This post comes out of some retrospective thinking this month. I worked on a middling sized Node.JS install for the last three quarters. We had a whole pile of javascript that ran in a web browser and a handful of Node.JS processes running to deliver that javascript and answer all the API calls it made.
The first thing to note is, we did not use Node to do the heavy lifting. If it involved touching a database it was shoved out to a LAMP app. A lot of folks will probably ask why we didn’t use something like MongoDB or another similar DB. Short answer, we couldn’t find anyone who was using it with the kind of volume we expected who had great things to say about it. There was one really scary response which amounted to ‘we have a dedicated Ops guy keeping MongoDB running for this app.’ If the choice is to hire an Ops guy solely to keep a single DB running or to spend the same money on an engineer writing new features on a well understood DB, then it’s a pretty easy choice in my view.
Node acted as a middle layer to process a number of API calls. The company had tons of data in a few different locations, Redis, MySQL, HBase, etc. After grabbing it and parsing it up it would get shoved out to a connection. We learned quickly that the way we were going caused Node to crash on us regularly. In goes Forever, this little Node module restarts Node when it crashes. You’ll need it quite a bit early on. We also put Nginx in front of all our node processes. Nginx is a great tool for reverse proxy load balancing.

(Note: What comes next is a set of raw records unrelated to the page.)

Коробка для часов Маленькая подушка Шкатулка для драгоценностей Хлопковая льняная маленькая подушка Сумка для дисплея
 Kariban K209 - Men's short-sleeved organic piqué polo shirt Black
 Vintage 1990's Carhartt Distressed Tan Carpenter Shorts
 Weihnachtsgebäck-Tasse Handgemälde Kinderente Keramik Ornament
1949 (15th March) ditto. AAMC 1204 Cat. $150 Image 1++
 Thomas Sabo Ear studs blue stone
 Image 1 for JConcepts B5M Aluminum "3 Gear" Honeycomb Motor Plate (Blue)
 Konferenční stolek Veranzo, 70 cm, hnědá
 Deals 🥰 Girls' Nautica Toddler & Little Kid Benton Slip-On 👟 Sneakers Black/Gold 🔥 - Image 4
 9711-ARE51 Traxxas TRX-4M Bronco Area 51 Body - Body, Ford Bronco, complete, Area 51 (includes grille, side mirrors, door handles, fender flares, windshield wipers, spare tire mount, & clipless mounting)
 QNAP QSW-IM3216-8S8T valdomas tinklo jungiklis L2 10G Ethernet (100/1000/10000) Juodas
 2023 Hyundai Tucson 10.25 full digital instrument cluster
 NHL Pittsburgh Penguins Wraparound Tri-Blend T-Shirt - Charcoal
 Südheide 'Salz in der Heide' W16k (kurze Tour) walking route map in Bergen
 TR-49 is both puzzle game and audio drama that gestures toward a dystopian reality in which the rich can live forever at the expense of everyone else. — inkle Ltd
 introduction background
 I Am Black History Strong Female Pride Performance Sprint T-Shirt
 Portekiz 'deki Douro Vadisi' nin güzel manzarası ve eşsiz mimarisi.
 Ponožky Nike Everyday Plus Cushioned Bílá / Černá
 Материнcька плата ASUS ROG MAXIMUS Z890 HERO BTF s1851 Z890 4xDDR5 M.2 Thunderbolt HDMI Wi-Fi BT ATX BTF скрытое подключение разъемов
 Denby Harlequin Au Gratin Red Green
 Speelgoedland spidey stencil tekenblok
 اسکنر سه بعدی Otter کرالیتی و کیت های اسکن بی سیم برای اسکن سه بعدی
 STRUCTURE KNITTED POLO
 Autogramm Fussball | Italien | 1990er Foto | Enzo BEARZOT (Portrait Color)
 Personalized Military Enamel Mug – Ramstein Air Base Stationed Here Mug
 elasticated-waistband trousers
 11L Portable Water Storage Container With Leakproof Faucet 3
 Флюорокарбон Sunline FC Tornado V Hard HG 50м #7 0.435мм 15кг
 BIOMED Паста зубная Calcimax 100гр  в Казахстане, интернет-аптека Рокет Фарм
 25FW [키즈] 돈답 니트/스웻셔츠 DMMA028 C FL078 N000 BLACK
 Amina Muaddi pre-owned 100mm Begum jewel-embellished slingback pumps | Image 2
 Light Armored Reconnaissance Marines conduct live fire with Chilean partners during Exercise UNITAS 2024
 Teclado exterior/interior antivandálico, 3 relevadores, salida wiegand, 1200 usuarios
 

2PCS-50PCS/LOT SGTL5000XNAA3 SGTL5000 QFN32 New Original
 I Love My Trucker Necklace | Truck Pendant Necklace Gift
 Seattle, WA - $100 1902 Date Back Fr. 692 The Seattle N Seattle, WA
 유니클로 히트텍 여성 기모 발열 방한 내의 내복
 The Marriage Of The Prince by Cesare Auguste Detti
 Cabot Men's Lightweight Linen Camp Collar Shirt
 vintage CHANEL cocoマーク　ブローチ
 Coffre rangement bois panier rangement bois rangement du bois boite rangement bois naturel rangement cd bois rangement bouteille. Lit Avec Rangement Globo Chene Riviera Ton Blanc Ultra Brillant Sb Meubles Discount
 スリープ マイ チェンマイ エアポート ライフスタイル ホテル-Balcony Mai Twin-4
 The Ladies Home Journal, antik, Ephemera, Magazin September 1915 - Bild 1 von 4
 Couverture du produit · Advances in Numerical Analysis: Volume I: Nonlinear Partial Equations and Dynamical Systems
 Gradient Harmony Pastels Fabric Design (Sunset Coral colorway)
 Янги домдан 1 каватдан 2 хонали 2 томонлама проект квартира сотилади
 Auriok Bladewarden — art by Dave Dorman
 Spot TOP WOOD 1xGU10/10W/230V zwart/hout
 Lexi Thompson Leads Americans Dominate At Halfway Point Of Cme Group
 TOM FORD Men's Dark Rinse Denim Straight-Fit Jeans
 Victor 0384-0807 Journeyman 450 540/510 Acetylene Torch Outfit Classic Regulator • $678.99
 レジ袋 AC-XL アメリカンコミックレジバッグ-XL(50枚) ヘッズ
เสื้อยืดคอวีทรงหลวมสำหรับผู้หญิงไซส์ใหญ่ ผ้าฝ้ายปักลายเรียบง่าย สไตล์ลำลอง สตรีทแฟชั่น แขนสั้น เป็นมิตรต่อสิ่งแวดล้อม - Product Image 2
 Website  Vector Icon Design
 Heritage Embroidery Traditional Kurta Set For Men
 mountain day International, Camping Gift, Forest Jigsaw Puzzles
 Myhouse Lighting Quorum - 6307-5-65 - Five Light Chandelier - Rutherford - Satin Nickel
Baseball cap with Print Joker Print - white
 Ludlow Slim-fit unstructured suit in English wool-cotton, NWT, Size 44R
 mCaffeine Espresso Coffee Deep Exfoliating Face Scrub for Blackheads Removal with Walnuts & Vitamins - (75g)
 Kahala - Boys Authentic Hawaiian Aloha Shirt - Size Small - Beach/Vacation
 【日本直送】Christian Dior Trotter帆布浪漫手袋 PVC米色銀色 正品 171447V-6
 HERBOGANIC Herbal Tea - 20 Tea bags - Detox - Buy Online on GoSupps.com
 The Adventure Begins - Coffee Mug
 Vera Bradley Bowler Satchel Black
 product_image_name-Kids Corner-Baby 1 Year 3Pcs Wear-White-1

From an Operations POV the app was a black box. Requests were made, stuff happened, a response occurred. Sometimes it was a HTTP 200 with valid data, sometimes it was a 500 and we had no idea what was going on. To deal with this I ended up implementing lots of StatsD checks. StatsD is a small, lightweight Node server and accompanying libraries to allow you to implement a few basic types of checks on events and network calls. It sends the results out in UDP packets. This has the advantage of being very low overhead and not requiring the receiver to be alive. I updated a version of the StatsD library for JS that Steve Ivy wrote.
From here we could trend everything happening inside the app. New release is a little slow? Oh, look! It’s making 50% more calls to Redis, something is up. In the Ops game this is great data, I can use all those finely honed visual processing skills to see behavior changes in the app quickly. That’s about it, I’ll be fleshing this out later.